Farley, Inc. began operations in 2002. In 2011, the company became a publicly-held. George

Blanda, controller, is preparing the 2018 annual financial statements and has gathered the following

information pertaining to the accounting for income taxes. For the two years ended December 31,

2018, Farley, Inc., Inc. reported the following revenues and expenses. (No tax information is contained

in these figures.)

Dec 31, 2017 Dec. 31, 2018

Revenues $1,420,000 $1,610,000

Cost of goods sold 438,000 581,000

Operating expenses 326,000 387,000

Other revenue 27,000 27,000

-Tax rates enacted as of the beginning of 2014 are: 2014, 2015, 2016 & 2017, 40%; 2018, 20%;

2019,30% and 2020 & beyond 35%.

-Farley, Inc., Inc. uses the calendar year for both financial statement and income tax reporting.

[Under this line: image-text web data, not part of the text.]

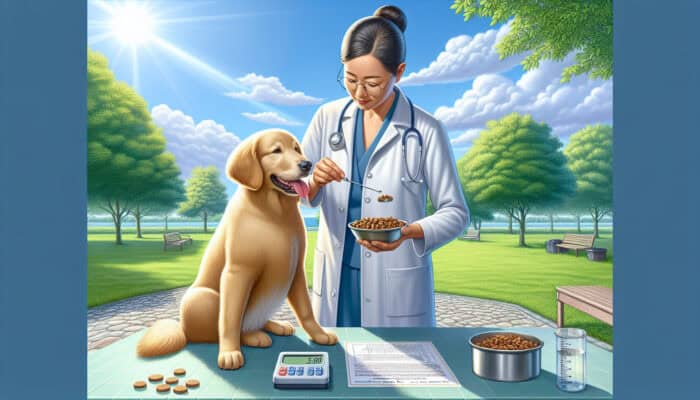 Treat Allowance Guidelines for Pets: In a sunny park, a pet owner carefully measures treats for a healthy golden retriever, promoting portion control and balanced nutrition.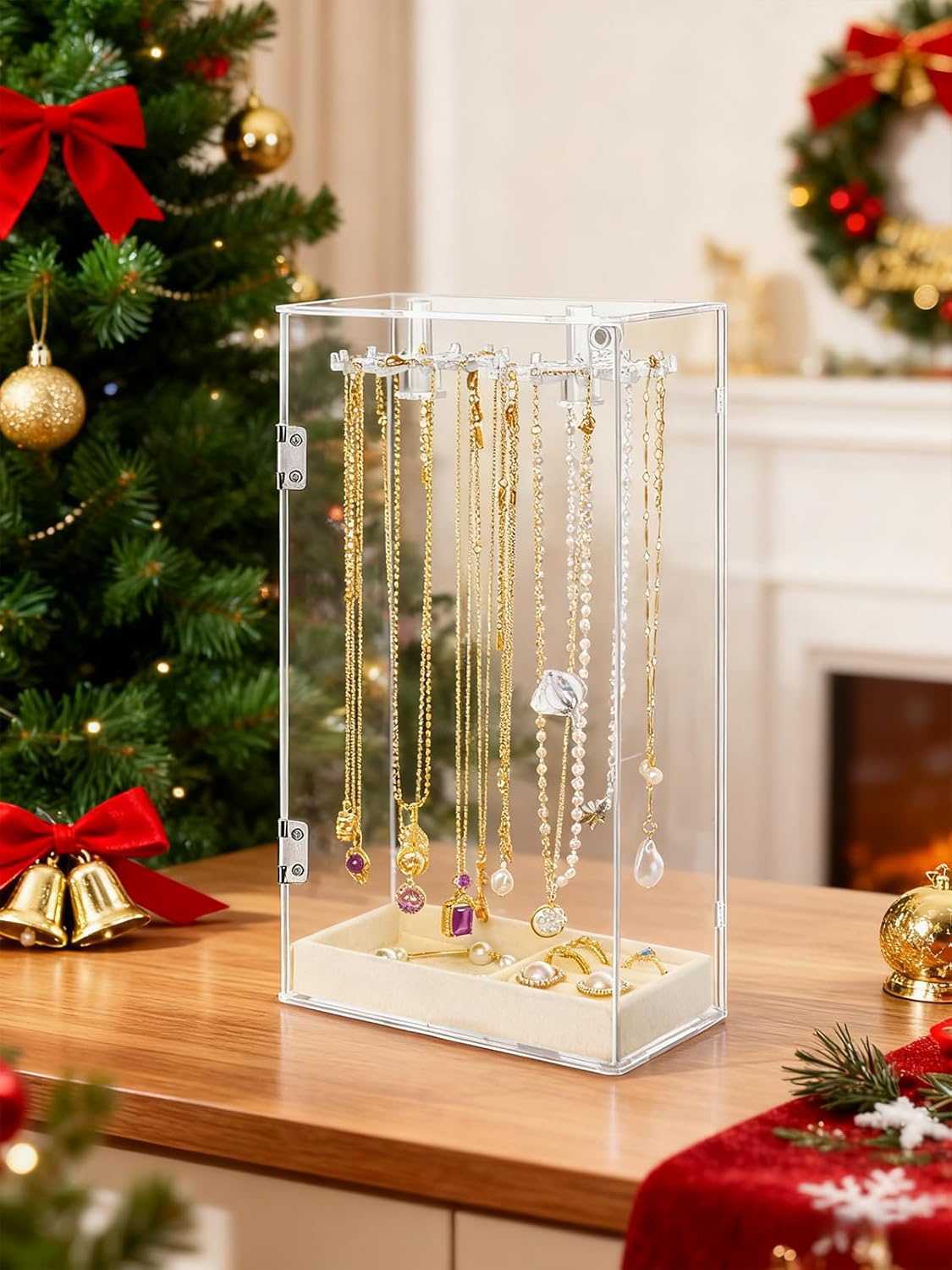 Cirhy Necklace Holder, Acrylic Necklace Organizer with 24 Rotating Hooks, Dust-Proof Jewelry Display Case for Necklaces, Pendants, Earrings, Rings, Enclosed Clear Storage Stand with Velvet Lined Tray
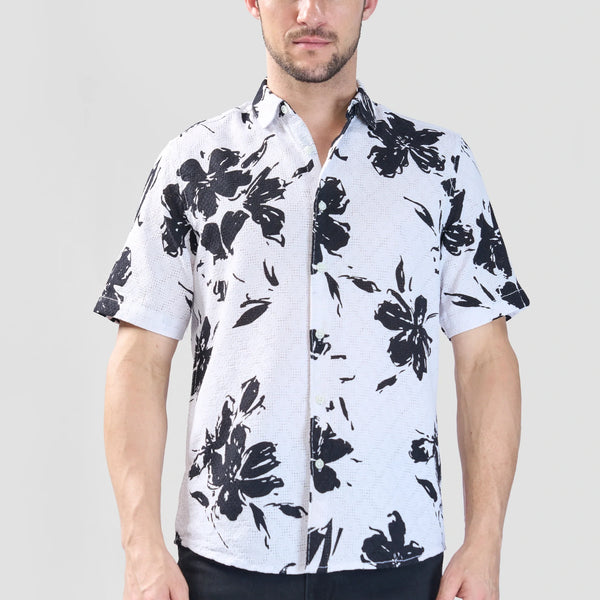 Xkind White Floral Printed Textured Regular Fit Shirt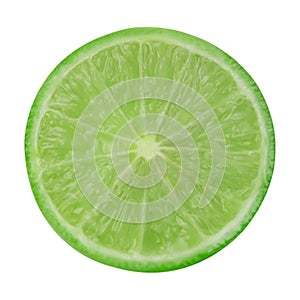 Juicy slice of green lime isolated on white background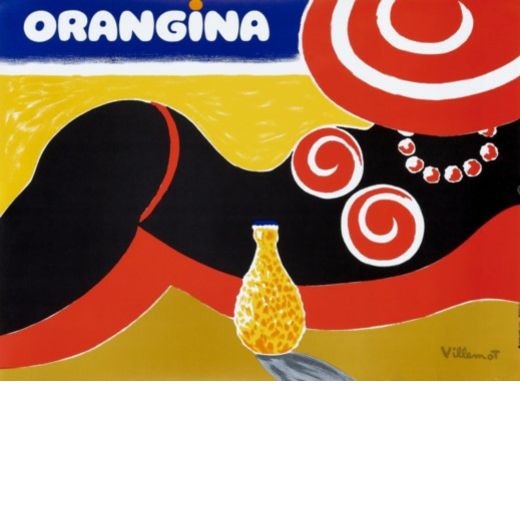 Orangina Manifesto Pubblicitario [Telato]<br>by Villemot Bernard<br>1975 ca. ; Misure h 45 x L 65 cm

-Blanda reviewed the open installment sales contracts to determine gross profits acquired on contracts.

During 2017, Farley, Inc. completed 8 contracts with a total gross profit of $250,000 for financial reporting

purposes, whereas only $50,000 of gross profit on installment sales was reported on the 2017 tax return.

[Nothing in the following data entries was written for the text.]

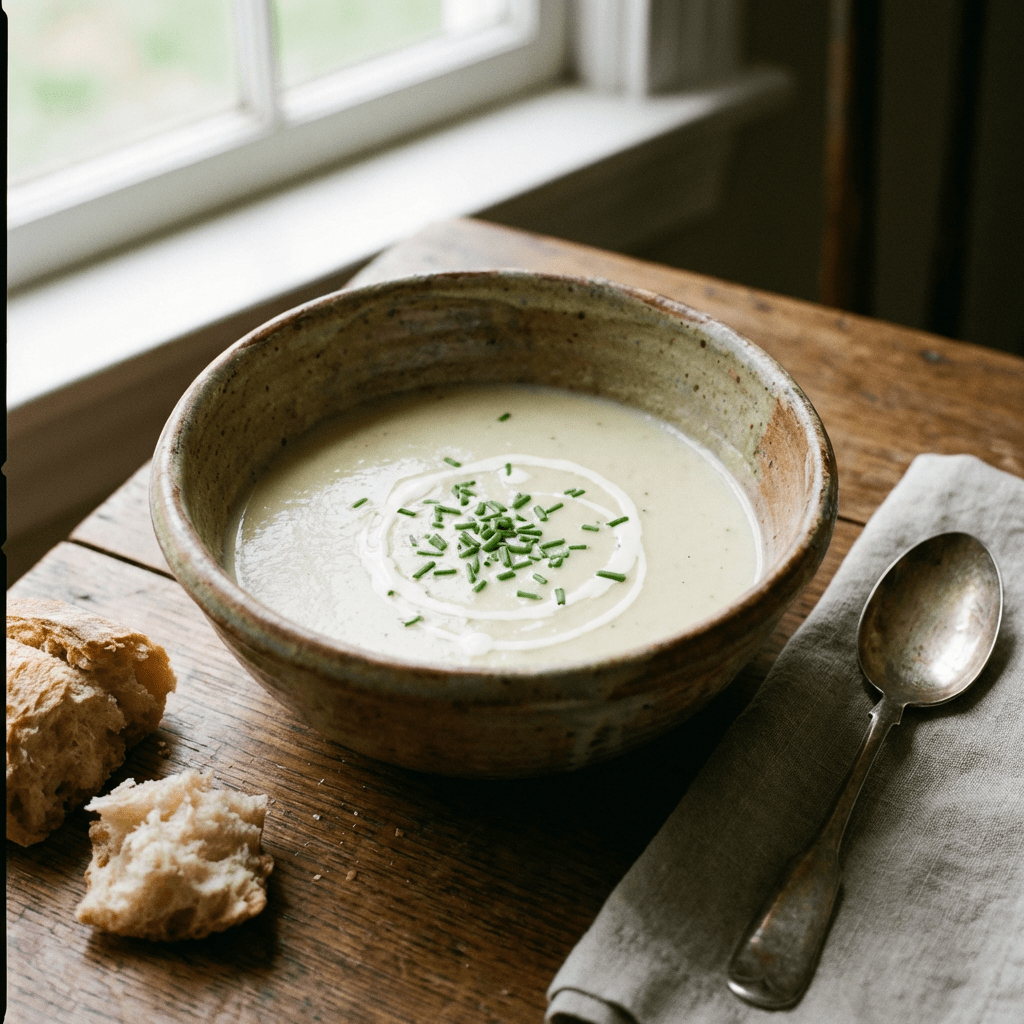 Creamy vegetable soup topped with chives and cream in a rustic ceramic bowl.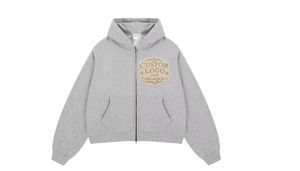 Sweat à capuche personnalisé, effet vieilli, coupe ample et carrée, épaules tombantes, broderie de strass, motif avant gris, en molleton bouclette - Product Image 3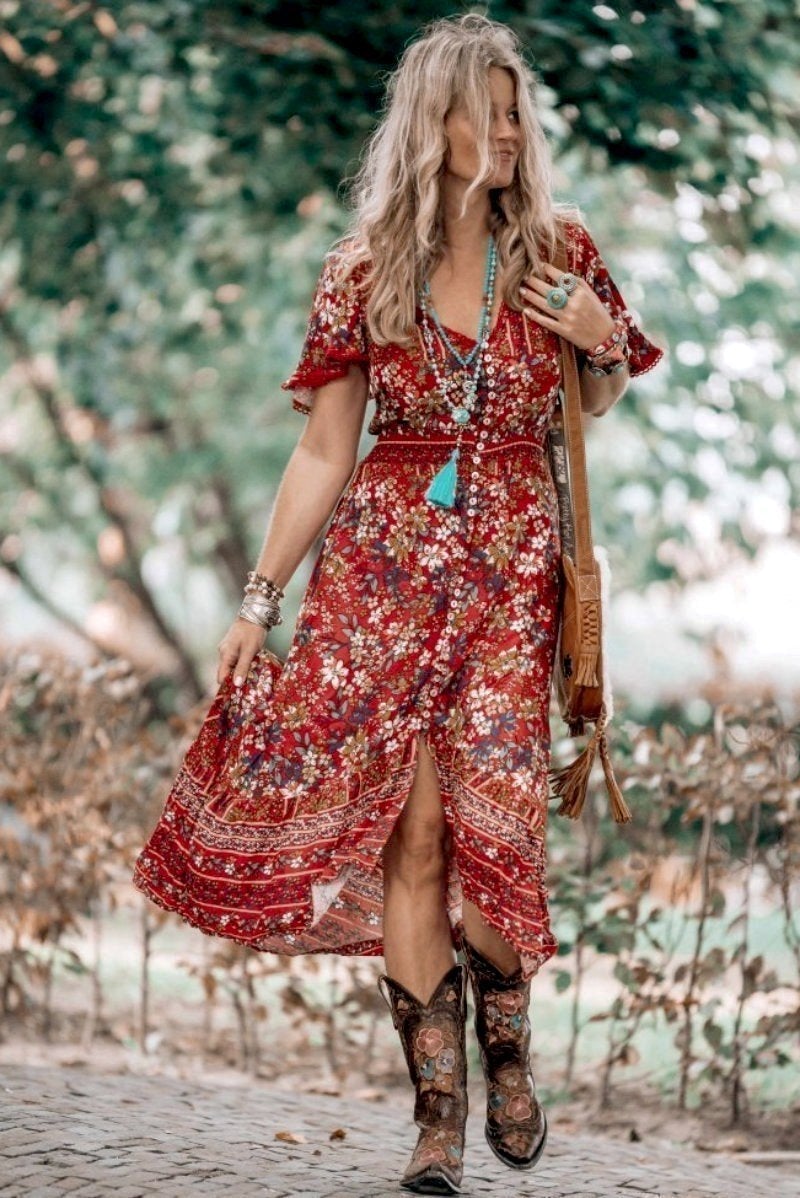 London Maxi Dress Elasticated Waist Button Detail High Low Dress Flutter Cap Sleeves Floral Print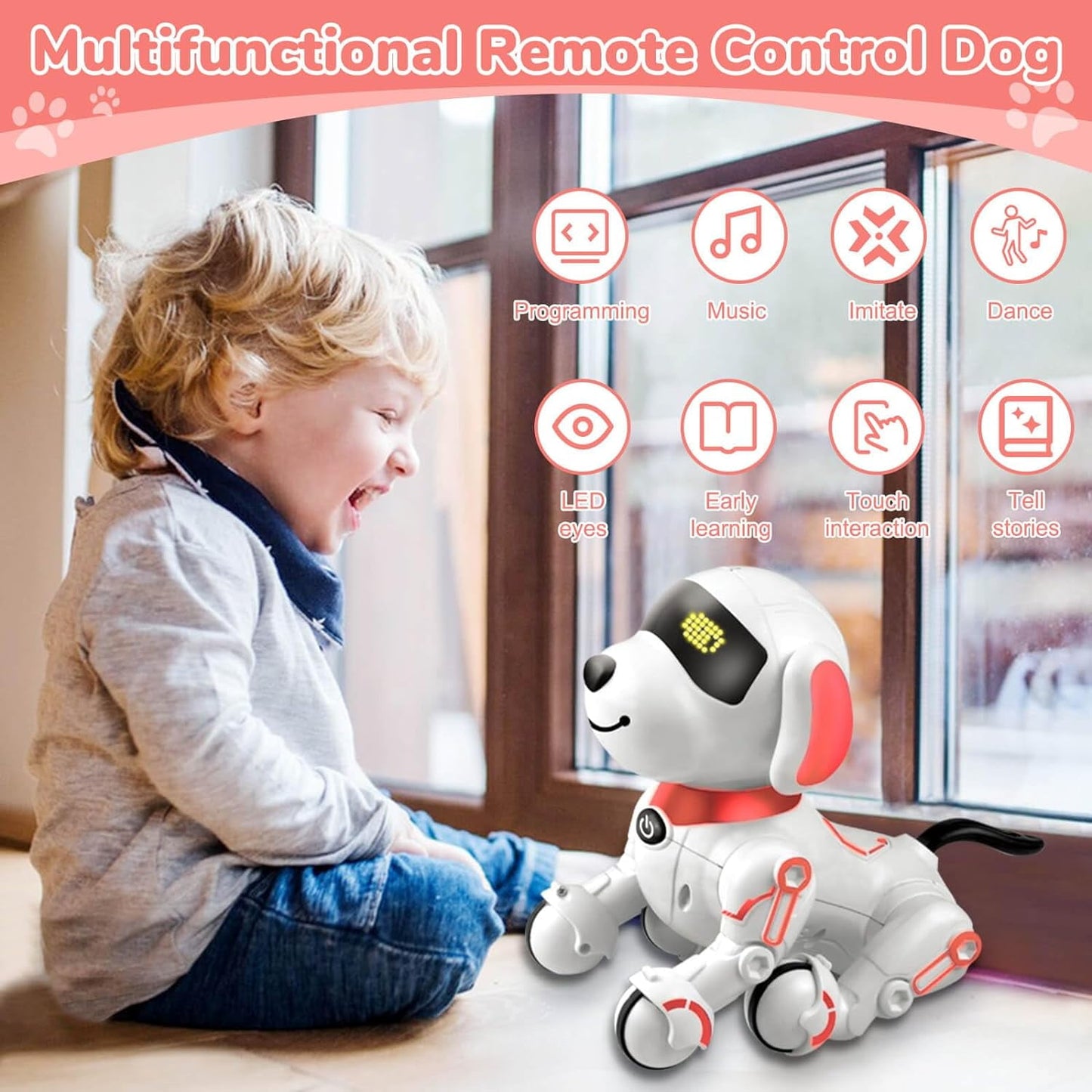 BEEPRINCESS Robot Dog, Smart Programmable RC Electronic Pet Puppy with Early Education Function, White/Pink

The future collection on installment receivables is expected to be $50,000 each year over the course of the

next four years. The installment sale were not made during 2018, but collections on the 2017 contracts

continued to be collected on schedule.

-Farley, Inc., Inc. insures its key officers for death and accidents. The premium on this policy is

$21,000 per year. The premium is expected to remain the same through 2018. During 2018, the

company had received $90,000 check in settlement of a claim against the policy.

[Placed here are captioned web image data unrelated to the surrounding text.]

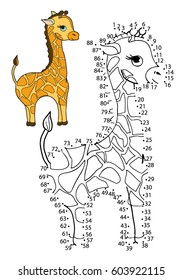 Educational game for children. Connect the dots on the figures. Giraffe,   vector illustration.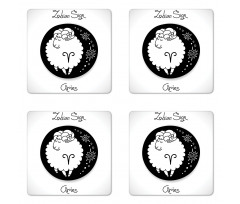 Funny Ram in a Dot Coaster Set Of Four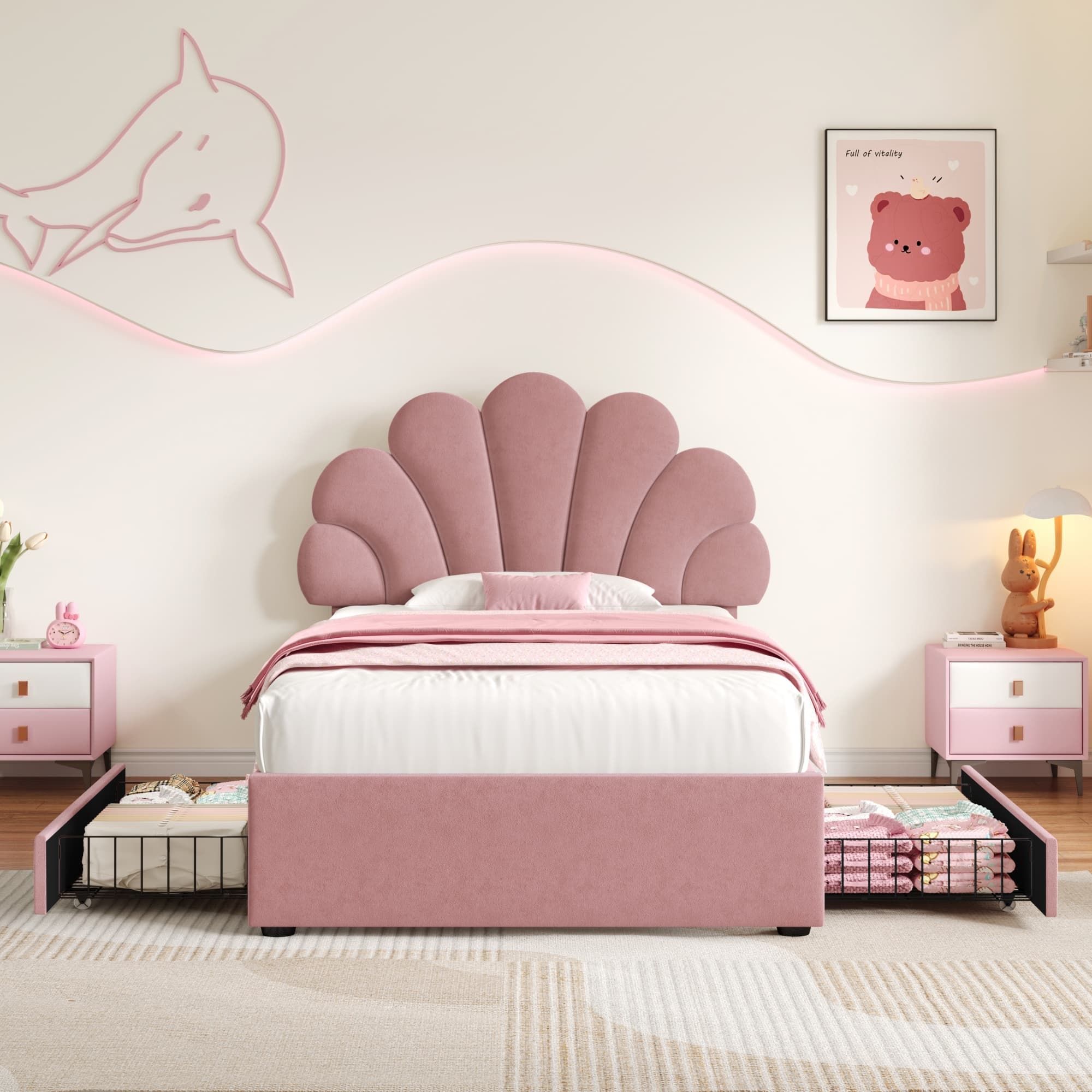 Transform Your Space with the Pink Velvet Petal Storage Bed - image 1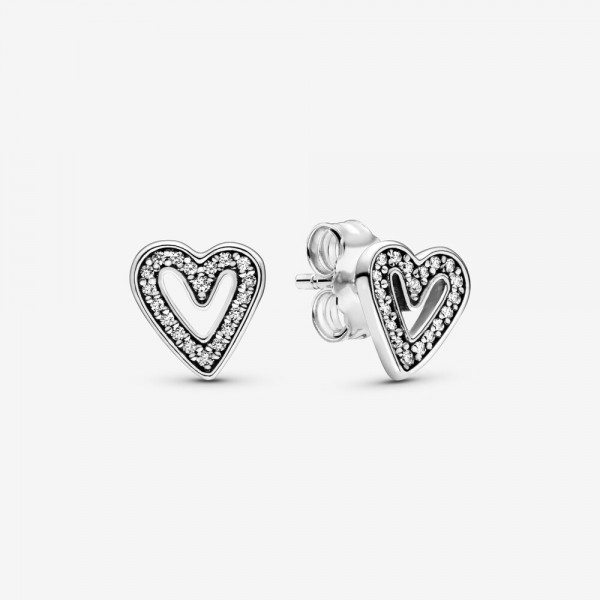 Pandora - Zilveren Oorknopjes 298685C01 Vrije Hand Hart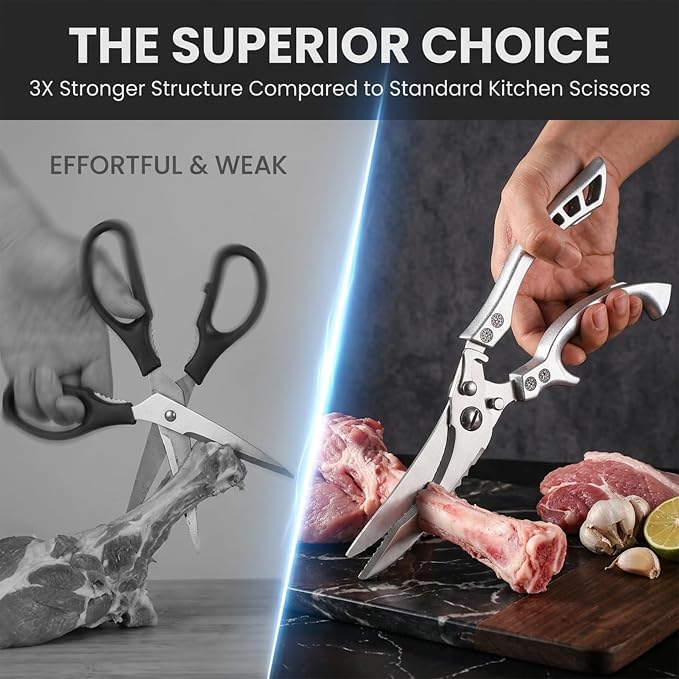 Heavy Duty Kitchen Scissors-Professional Meat Scissors for Chicken Bones，Duck Bones, Fish Bones, Meat, Vegetables, Seafood, Nuts, Packages, etc. (Classic)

-Farley, Inc. collected $45,000 in rent on a building it owns. The rent is for a 5 year period

beginning January 1, 2017.

In 2017, two hundred appliances were sold with a standard three-year warranty option. Morgan's cost

accountant, Wayne DeBach, estimated warranty cost per refrigerator at $70 based on past experience. In

conjunction with the preparation of year-end financial statements, DeBach estimated remaining warranty

expenses would be settled with the following amounts:

Year Amount

2017 $3,000

2018 4,300

2019 6,700

For financial purposes, warranty expenses are recognized at the point of sale, and for tax purposes at the

time paid.

-E. Clapton, production superintendent recently spoke with the plant manager concerning the

status of some of the production equipment. He asked if a new system could be purchased. On

January 8, 2016, Steve Miller, the plant manager, agreed with Clapton and purchased a new

conveyor belt unit for $85,500 with no salvage value. Steve estimated the useful life to be 9

years. For financial purposes, the equipment was depreciated using the straight-line method and

for tax purposes, the machine was depreciated using the following MACRS table:

7-year equipment

14.29%

24.49%

17.49%

12.49%

8.93%

8.92%

8.93%

4.46%

REQUIRED:

A.Identify each of the financial statement and income tax reporting differences listed above for

Farley, Inc., Inc. as either temporary or permanent differences. Explain your answer.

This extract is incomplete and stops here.